Higher education is facing a pivotal moment where institutions must protect themselves from constantly evolving cybersecurity threats with limited budgets and staffing. Compounding the problem even further, higher education is especially susceptible to marketing that portrays products as the solution to their problems.
As with every discipline, technology alone is not the answer. It’s the practice(s), more than the technology, that enables value. Let’s look at identity and access management (IAM) as the top-of-mind example since I just completed some research and a publication series on IAM this month.
If we examine current practices in higher education, we see that many institutions have deployed basic functions of identity management using custom scripts, programs, and databases that have been augmented over time.

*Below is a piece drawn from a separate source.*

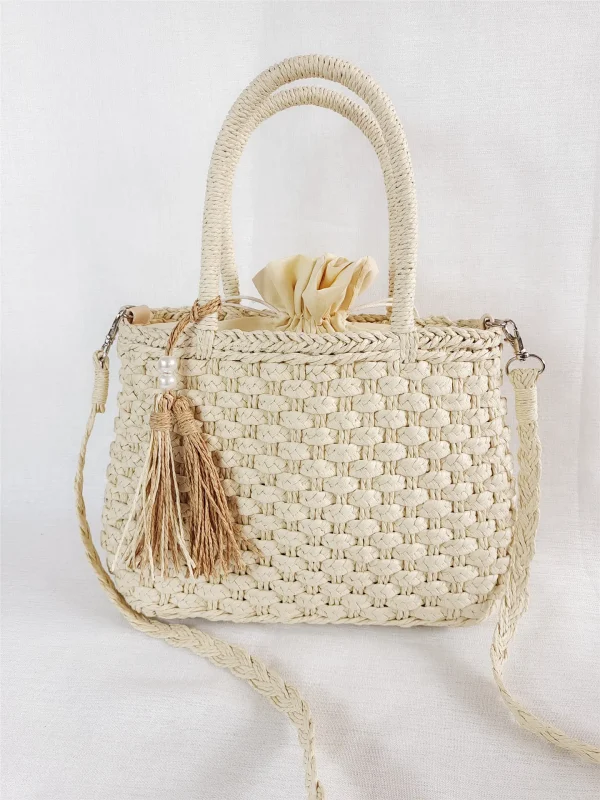 sac à main en paille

Adopting commercial solutions has been difficult for many institutions for many reasons, including:
But now, with increasing audit and compliance requirements, heightened attention on cybersecurity risk, the explosion of the number of applications under management, staff turnover and losses, and the prospect of replacing their key identity systems of record (HCM and student), institutions are left with the daunting task of replacing their custom web of identity components with commercial platforms.
Here is the reality of identity management systems: No commercial system in and of itself can fix everything. Implementing a robust IAM system will rightfully require significant process and policy change and have a significant impact on end-users.
The product certainly matters. Our research shows there are few options that are both comprehensive and attentive to higher education’s needs. Selecting a vendor partner that can help meet the broad set of challenges presented by IAM, such as single sign-on and identity governance, will simplify an institution’s architecture in the long run, even while implementing it over time.
In surveying the IAM solution ecosystem, consider that other elements—cyber risk, process, policy, and user impact—should drive your implementation plan more than product specifics. Institutions should be looking to clean up their identity data and process while implementing an IAM solution as a catalyst for the change that is required to deliver efficient operations, technical agility, and reduced risk.
Higher education is at least a decade behind commercial industries in the IAM space, which is unacceptable in the coming years of increased risk and faster change. By doing a great job with the resources at hand, IT departments have often inadvertently hidden the complexity and brittle nature of the solutions they have crafted to meet complex needs.
Institutions need to prioritize updating this fundamental information management function as a central part of their modernization efforts. As institutions undertake major cloud (especially SaaS) adoptions, the underlying issues with their existing IAM infrastructure will be laid bare. Understanding the complexity of these efforts, preparing in kind, and involving a broad coalition of partners on campus to make these changes are critical to institutional success.